Muhammad Yunus and the Grameen Bank, which he founded in the early 1980s, pioneered the concept in the Third World, making millions of loans to impoverished residents, mostly women. But the idea has spread across the globe, including the United States, where about 600 microcredit programs now operate, said Sara Ignas, a spokeswoman for the Virginia-based Association for Enterprise Opportunity.

The average microloan in the United States is about $7,000, far larger than the ones in Third World countries, said Ignas. In addition, unlike HFLS, nearly all the programs charge interest, although at below-market rates.

Locally, one of the organizations that offer microloans is the New York Association for New Americans, which, like HFLS, is a Jewish agency funded partly by UJA-Federation of New York. NYANA’s Microloan Fund, launched in 1998, made about 126 loans in the past fiscal year, each of which carried a nominal amount of interest, said Yanki Tshering, a vice president of the agency.

Launching such a program had been on the "radar screen" at HFLS for years, said Novick, a lawyer who joined the agency in 1995. In fact, one reason Novick believes she was hired at the society is because of her experience working with charities at the Ford Foundation, an early supporter of Yunus and the Grameen Bank.

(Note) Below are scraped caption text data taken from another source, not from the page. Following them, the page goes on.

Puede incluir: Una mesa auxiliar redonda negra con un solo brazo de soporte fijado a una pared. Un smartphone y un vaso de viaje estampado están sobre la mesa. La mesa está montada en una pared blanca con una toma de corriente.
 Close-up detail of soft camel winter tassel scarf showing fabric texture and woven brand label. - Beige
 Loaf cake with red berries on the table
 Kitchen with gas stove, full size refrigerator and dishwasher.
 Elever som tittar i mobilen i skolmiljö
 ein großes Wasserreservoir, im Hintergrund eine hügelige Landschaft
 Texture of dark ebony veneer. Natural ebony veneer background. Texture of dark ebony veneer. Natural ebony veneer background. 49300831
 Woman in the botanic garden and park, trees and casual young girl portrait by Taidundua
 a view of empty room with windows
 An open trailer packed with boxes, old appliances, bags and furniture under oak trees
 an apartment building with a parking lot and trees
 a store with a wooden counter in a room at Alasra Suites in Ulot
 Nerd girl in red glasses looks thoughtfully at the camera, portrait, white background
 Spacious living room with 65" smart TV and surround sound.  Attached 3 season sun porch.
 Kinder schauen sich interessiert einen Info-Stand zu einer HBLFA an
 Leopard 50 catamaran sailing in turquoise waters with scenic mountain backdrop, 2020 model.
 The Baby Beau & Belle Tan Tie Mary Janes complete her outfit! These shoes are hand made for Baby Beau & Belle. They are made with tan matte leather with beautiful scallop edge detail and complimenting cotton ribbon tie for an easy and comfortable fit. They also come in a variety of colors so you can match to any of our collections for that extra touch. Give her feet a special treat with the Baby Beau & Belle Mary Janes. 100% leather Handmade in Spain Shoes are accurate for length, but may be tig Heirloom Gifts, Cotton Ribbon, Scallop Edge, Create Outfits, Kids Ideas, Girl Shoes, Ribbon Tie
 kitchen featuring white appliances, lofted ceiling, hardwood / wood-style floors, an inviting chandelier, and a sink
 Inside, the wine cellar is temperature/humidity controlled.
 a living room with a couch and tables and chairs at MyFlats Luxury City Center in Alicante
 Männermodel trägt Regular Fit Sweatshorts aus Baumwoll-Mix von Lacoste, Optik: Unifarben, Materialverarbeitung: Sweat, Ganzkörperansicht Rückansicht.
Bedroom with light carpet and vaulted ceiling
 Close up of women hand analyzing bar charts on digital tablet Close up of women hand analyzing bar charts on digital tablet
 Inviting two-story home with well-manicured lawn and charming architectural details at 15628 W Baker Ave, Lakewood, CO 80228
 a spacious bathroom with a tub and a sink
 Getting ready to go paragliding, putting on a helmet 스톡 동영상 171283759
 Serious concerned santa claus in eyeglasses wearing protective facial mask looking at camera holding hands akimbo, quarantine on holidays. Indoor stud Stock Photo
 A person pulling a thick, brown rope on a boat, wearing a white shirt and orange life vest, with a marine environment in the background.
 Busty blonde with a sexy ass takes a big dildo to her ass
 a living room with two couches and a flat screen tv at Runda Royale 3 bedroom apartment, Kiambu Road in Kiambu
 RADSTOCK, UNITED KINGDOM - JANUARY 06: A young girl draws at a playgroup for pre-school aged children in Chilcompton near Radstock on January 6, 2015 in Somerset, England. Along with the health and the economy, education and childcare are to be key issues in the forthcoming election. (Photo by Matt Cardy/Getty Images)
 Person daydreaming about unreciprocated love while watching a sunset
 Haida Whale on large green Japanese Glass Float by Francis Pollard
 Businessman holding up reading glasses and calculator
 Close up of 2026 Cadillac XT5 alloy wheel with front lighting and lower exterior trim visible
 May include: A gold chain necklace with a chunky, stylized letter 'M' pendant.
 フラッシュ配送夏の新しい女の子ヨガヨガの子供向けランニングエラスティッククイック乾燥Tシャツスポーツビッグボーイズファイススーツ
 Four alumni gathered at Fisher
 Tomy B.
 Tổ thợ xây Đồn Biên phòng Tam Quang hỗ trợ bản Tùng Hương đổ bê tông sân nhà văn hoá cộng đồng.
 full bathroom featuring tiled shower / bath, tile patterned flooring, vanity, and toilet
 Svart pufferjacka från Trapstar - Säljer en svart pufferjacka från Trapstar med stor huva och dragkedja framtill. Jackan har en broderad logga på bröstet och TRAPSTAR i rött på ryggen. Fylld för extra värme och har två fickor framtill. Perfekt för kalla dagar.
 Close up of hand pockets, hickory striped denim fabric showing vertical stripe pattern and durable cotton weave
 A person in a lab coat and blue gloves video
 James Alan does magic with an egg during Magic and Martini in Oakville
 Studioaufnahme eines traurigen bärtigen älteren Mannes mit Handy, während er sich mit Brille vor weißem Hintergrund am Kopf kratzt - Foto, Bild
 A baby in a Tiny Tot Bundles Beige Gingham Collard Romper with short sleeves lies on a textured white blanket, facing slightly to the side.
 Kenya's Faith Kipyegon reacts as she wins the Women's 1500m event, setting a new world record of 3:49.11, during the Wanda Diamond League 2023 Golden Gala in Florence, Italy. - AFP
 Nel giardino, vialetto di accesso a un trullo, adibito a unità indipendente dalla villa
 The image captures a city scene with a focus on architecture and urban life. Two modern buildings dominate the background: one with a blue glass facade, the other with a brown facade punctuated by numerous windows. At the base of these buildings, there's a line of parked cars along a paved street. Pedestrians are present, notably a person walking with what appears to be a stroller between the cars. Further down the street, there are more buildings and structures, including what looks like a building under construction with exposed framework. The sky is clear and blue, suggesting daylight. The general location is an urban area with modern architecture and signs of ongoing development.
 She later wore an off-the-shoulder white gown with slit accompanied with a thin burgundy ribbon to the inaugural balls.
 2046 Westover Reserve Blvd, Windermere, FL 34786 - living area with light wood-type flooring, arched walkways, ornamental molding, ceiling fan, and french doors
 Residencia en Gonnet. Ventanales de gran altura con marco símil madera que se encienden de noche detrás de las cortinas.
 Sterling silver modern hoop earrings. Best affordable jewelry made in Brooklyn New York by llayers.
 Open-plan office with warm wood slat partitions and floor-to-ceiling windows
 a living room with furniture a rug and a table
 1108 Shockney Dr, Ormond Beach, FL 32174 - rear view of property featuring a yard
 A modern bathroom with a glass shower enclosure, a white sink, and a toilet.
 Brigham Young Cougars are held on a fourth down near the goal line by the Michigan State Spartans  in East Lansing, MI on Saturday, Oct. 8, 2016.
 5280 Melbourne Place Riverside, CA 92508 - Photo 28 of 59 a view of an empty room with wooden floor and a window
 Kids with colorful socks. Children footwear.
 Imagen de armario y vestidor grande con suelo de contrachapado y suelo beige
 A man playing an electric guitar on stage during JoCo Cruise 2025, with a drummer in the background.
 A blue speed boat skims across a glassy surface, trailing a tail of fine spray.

Another factor is the history of the society, whose early loans helped pushcart peddlers, tailors and other small-business owners. The loans, long before the word microcredit was even coined, were to the tune of $5, $10 and $15.

The final push in establishing its Microenterprise Loan Program came from the Jewish Community House of Bensonhurst (JCH), which approached the society about establishing microloans, Novick said. JCH’s Business Club, now a partner in the program, works with the society in promoting the loans, screening applicants and providing small-business training to recipients, nearly all of whom are Russian-speaking Jews in South Brooklyn.

Running a microloan program in a complex society is much more complicated than it is in the Third World, Novick pointed out. "You can’t just loan someone $5 to buy a cow."

As a result, the two agencies "funnel" candidates by interviewing them during an initial screening, the first step in determining how serious or committed they might be said Natasha Srulowitz, the program’s coordinator. The next stage requires candidates to develop a business plan in consultation with an expert or mentor provided by HFLS: a blueprint that is then reviewed by Srulowitz and considered by a microenterprise committee.

Before receiving a loan, the applicant must provide two guarantors and agree to register their business. They also have to invest at least 20 percent of their own money in the business’ initial costs and, if they lack business experience, attend a seven-week course for small-business owners offered at the JCH.

In addition to Boris Juray, the tailor, other recipients have included a woman who purchased a hair salon in Bay Ridge after seeing customers in her own home, a brother and sister who opened a flower shop in Port Washington, N.Y., and another woman who runs a gourmet cafÈ in Midwood, Brooklyn.